Capítulo 19 Pobres y ricos

Publicado el 27 de febrero de 2022, 20:43

En los buenos tiempos de Roma, el Estado creador del derecho civil amparaba al ciudadano donde quiera que estuviese, pero cuando el poder central flaqueó, la ley perdió el apoyo coactivo del Estado, y el ciudadano común quedó a merced de los abusos del fuerte. Como en los tiempos anteriores a Roma, los humildes buscaron la protección de los poderosos, la influencia de los nobles terratenientes aumentó y se marcaron más claramente, si cabe, las dos grandes clases sociales, potentiores y humiliores. En el fondo, las de siempre: los que tienen y los que no tienen; los que necesitan protección y los que pueden ofrecerla. A cambio de algo, naturalmente.

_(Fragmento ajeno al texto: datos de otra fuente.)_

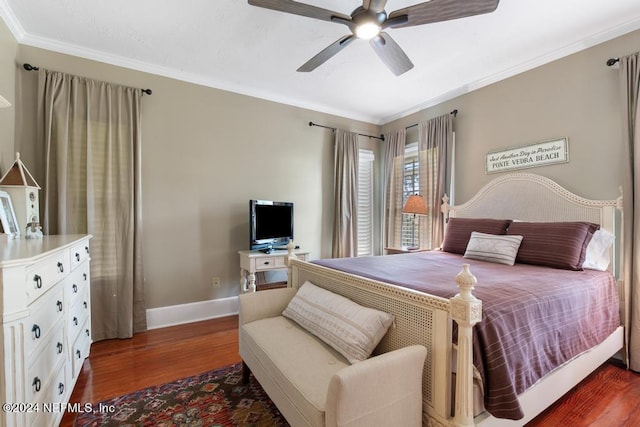 bedroom with dark hardwood / wood-style floors, ceiling fan, and ornamental molding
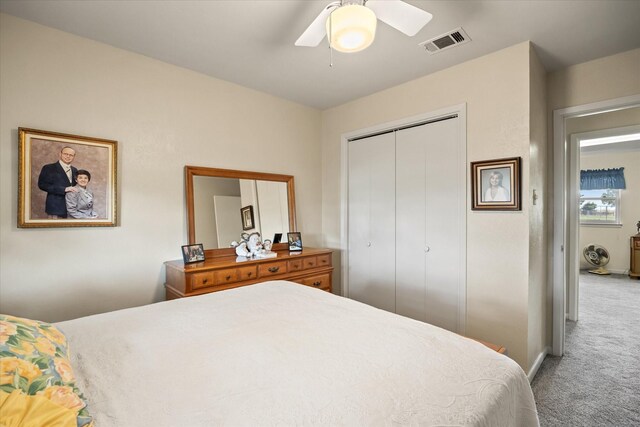 carpeted bedroom with ceiling fan and a closet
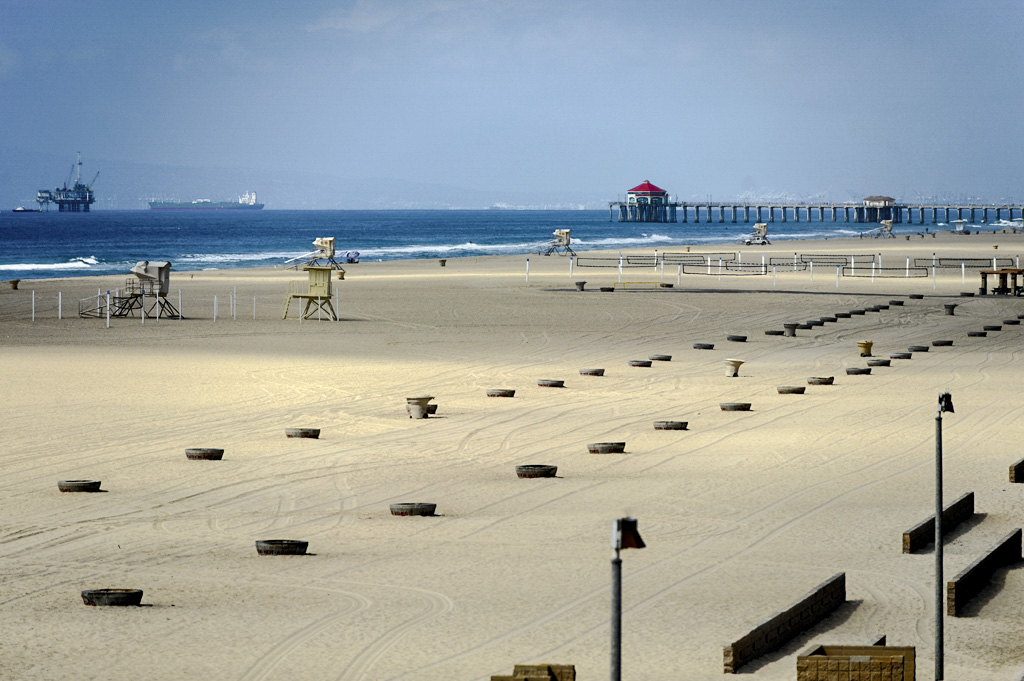 Aerial view of beach with bonfire rings, lifeguard towers, and the Huntington Beach Pier in the back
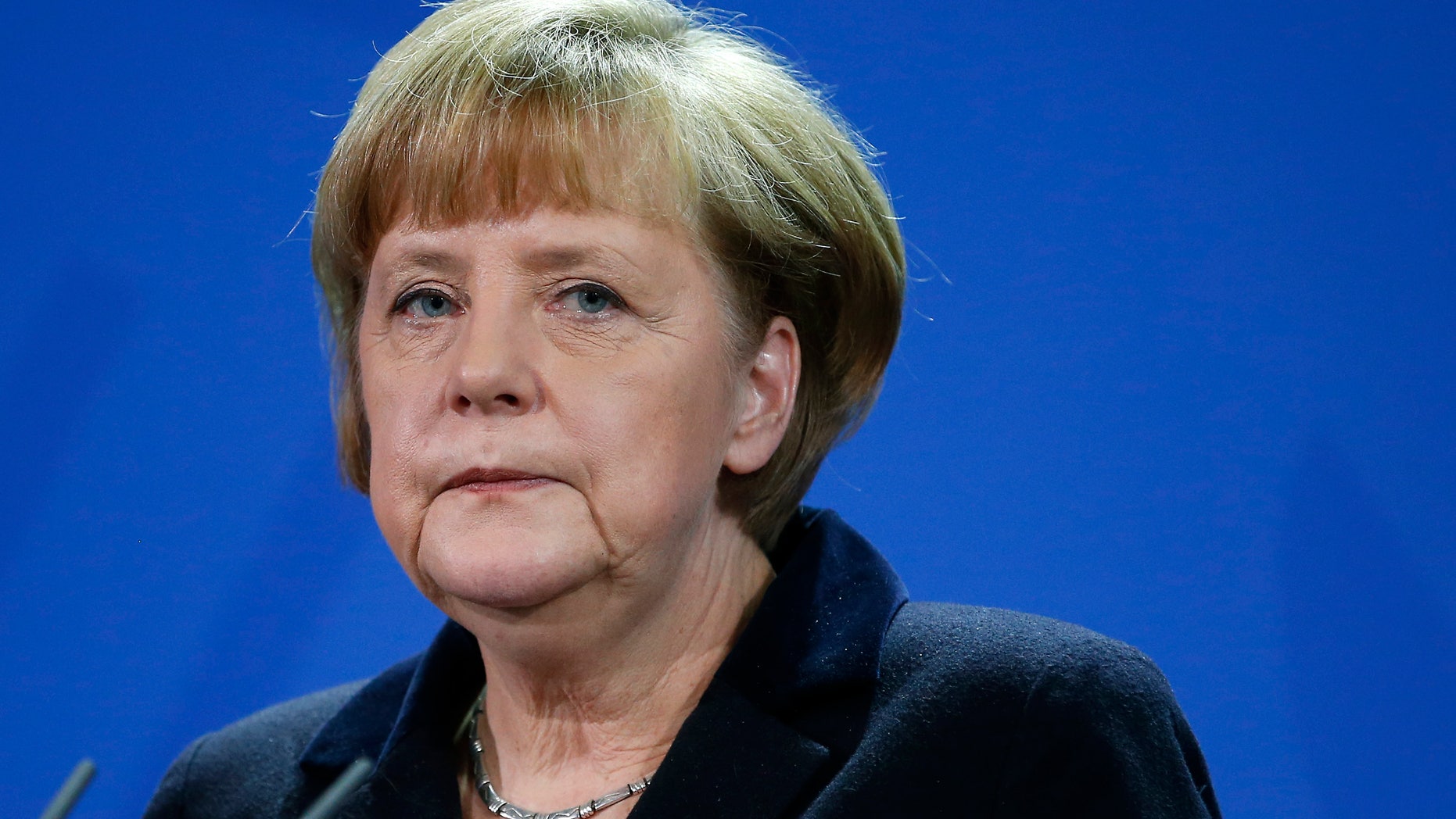 German Chancellor Angela Merkel attends a joint press conference with the Prime Minister of Greece, Andonis Samaras, after a meeting at the chancellery in Berlin, Germany, Friday, Nov. 22, 2013. (AP Photo/Michael Sohn)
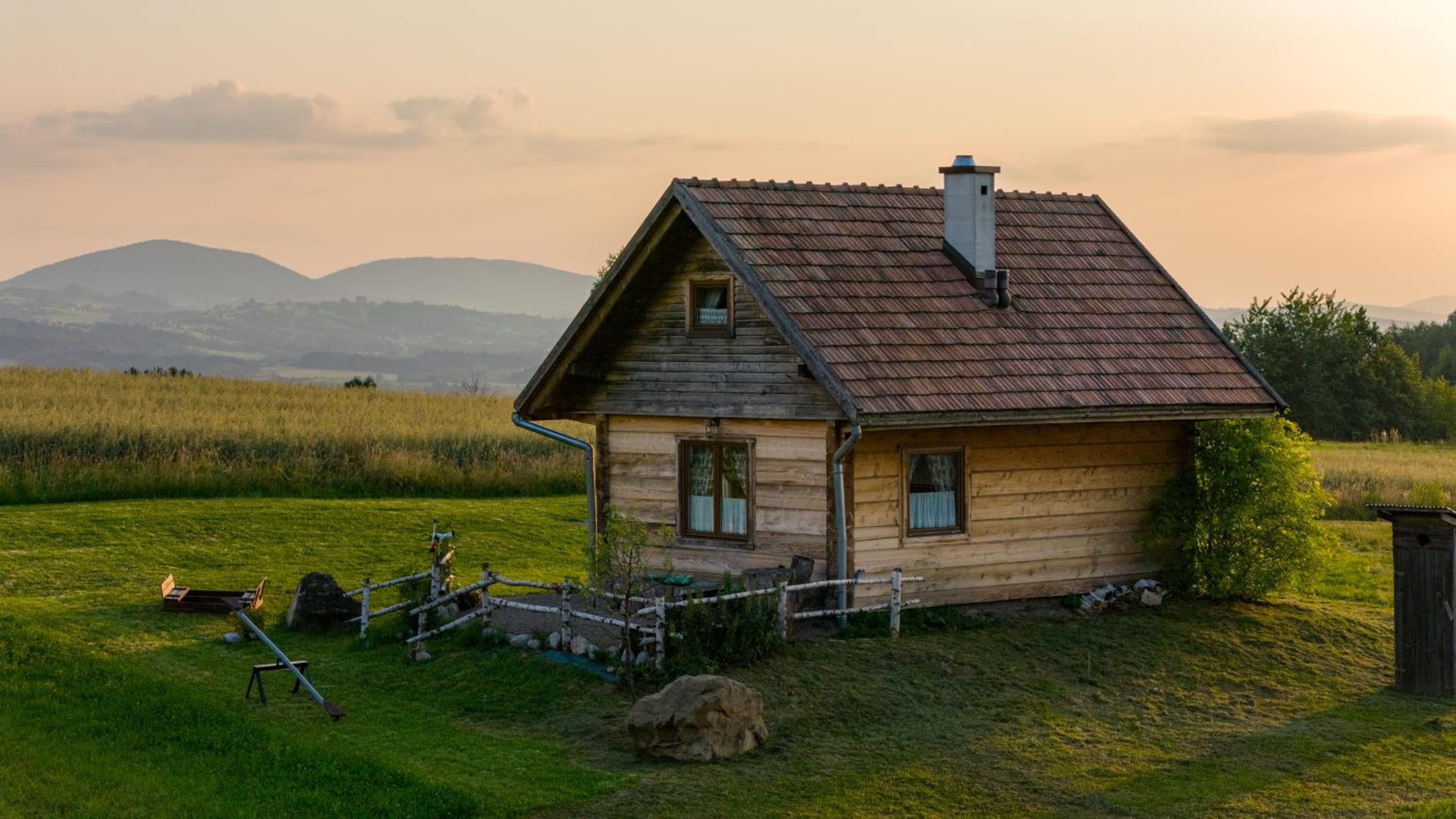 Drewniana chata na łące o zachodzie słońca, w tle pagórki i pole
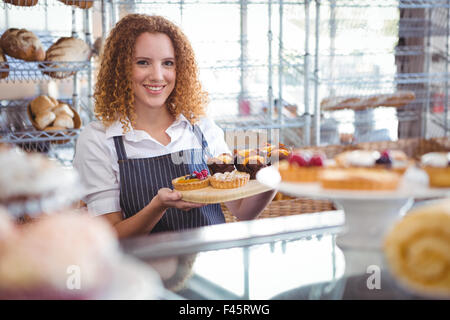 Hübsche Barista Halteplatte mit Kuchen Stockfoto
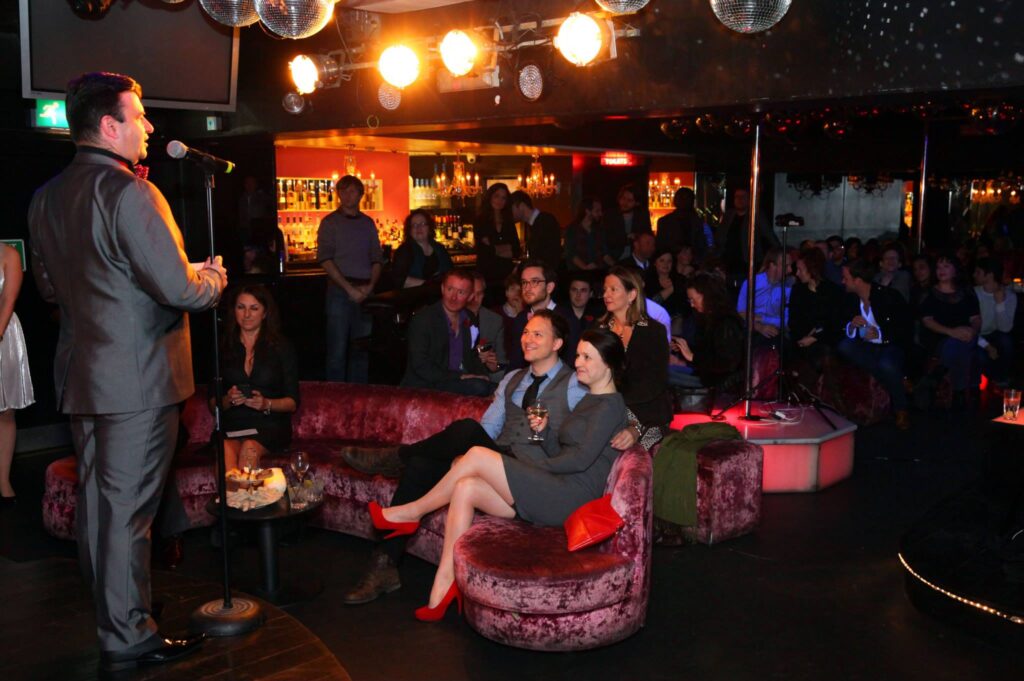 A man in a gray suit sings into a microphone on a small stage while a crowded lounge watches from velvet sofas and a bar backs the scene.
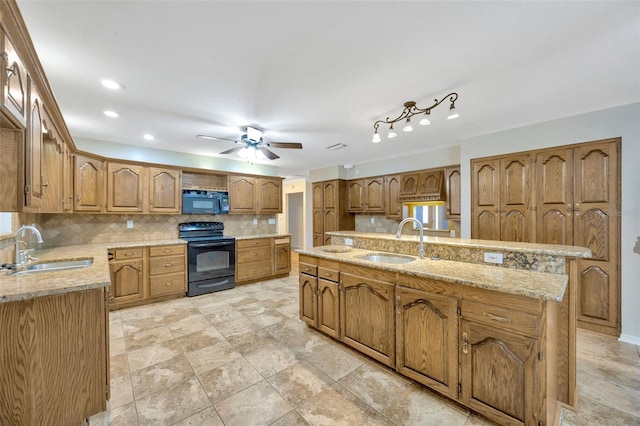 kitchen featuring a center island, sink, decorative backsplash, and black appliances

Además, con la decadencia del comercio, las ciudades vinieron a menos, mientras que la vida rural fue a más. Eso explica que los mejores monumentos godos estén en medio del campo, esas coquetuelas iglesias de Quintanilla de las Viñas (Burgos), San Juan de Baños (Palencia), San Pedro de la Nave (Zamora). También explica que la otra gran manifestación artística de los godos, la orfebrería, resplandezca en tesorillos y piezas que se encuentran en el campo, nunca en grandes ciudades: las coronas votivas de Guarrazar (Toledo) o las bellísimas cruces de Torredonjimeno (Jaén).

El carácter electivo de la monarquía goda favoreció el final abrupto de muchos de sus titulares. De los treinta y cinco reyes de la lista, más de la mitad fueron asesinados, o derrocados por medios más sutiles; por ejemplo, decalvándolos, es decir, pelándolos al cero. Hay que tener en cuenta la importancia que los godos otorgaban a la cabellera. Jordanes (Getica XI, 72) nos dice que, según Diucineo, la clase civil de la nación goda se daba el nombre de cabelludos (capillatos; variante, capillutos). Por eso, el principal atributo de la realeza germánica era la cabellera. Lo más grave que le podía ocurrir a un godo era ser rasurado, pena que se aplicaba a los condenados por diversos delitos antes del paseo infamante. Al destronado se le tonsuraba y se le enviaba a un monasterio. Y ya podía darse con un canto en los dientes por haber escapado al veneno o al puñal, porque los tiempos venían recios y la vida se estimaba en poco.